Even so, Bernanke said the central bank would proceed with plans to tighten lending requirements for subprime loans, which carry higher interest rates because of the higher credit risk they pose to lenders.
Some of those new rules also may include restrictions on the use of the word "fixed" to describe the rate of a loan that may adjust in the future and prohibitions on brokers influencing the appraised value of homes.
Lenders also may be required to give borrowers at least 60 days before their loan rates reset, a period during which they can refinance without penalty.
Paul Leonard, director of the California office of the Center for Responsible Lending, said that many of the federal rules, as originally proposed, were too weak. For instance, he noted that some of the practices proposed by the Fed would apply only to subprime loans but not to other nontraditional mortgages, including so-called no doc and interest-only loans that also have high rates of default.
"The Fed has the power to regulate unfair and deceptive practices and their opportunity to use this power is long overdue," Leonard said.
"We would like them to be more aggressive in outlawing the reckless practices that got us into this mess in the first place," he said.
On the other hand, the Mortgage Bankers Assn. has expressed concern that the new rules could impose burdensome requirements on lenders that would result in higher costs for borrowers.
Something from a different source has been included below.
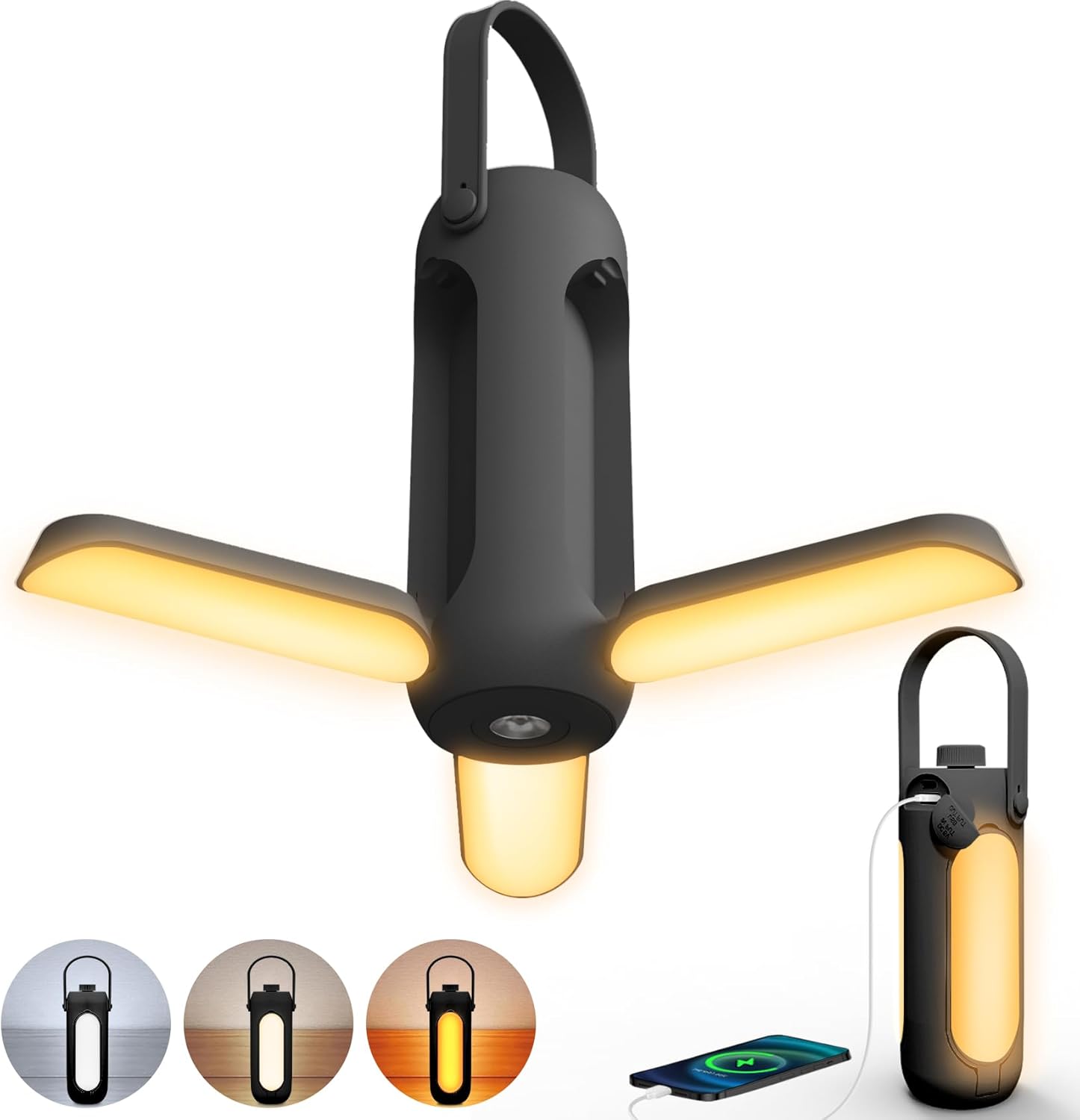 Wiederaufladbare Campinglampe, Led-campinglaterne Mit 3 Einstellbaren Beleuchtungsmodi Für Zelte, Campingzubehör Für Wanderungen Und Picknicks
MBA senior vice president Steve O'Connor noted that people are already finding it harder to get mortgage loans, and that further restrictions could "deny worthy borrowers reasonable access to credit."
In addition to the Fed action, the Federal Housing Administration announced Tuesday that starting next week it would expand the qualifications for borrowers seeking low-cost FHA-insured mortgages, making them more available in cases where a homeowner is behind on payments or owes more than the home's assessed value.
The new qualifications, first announced in April, would lift the requirement that borrowers be current on their loans for the last six months and would extend the program to borrowers facing economic hardship such as loss of a job or a change in marital status.
"One of the biggest problems we heard about was borrowers who didn't have a perfect payment history prior to the reset," FHA administrator Brian Montgomery said in a conference call with reporters, adding that the new rules would also ease requirements for borrowers with little equity in their homes.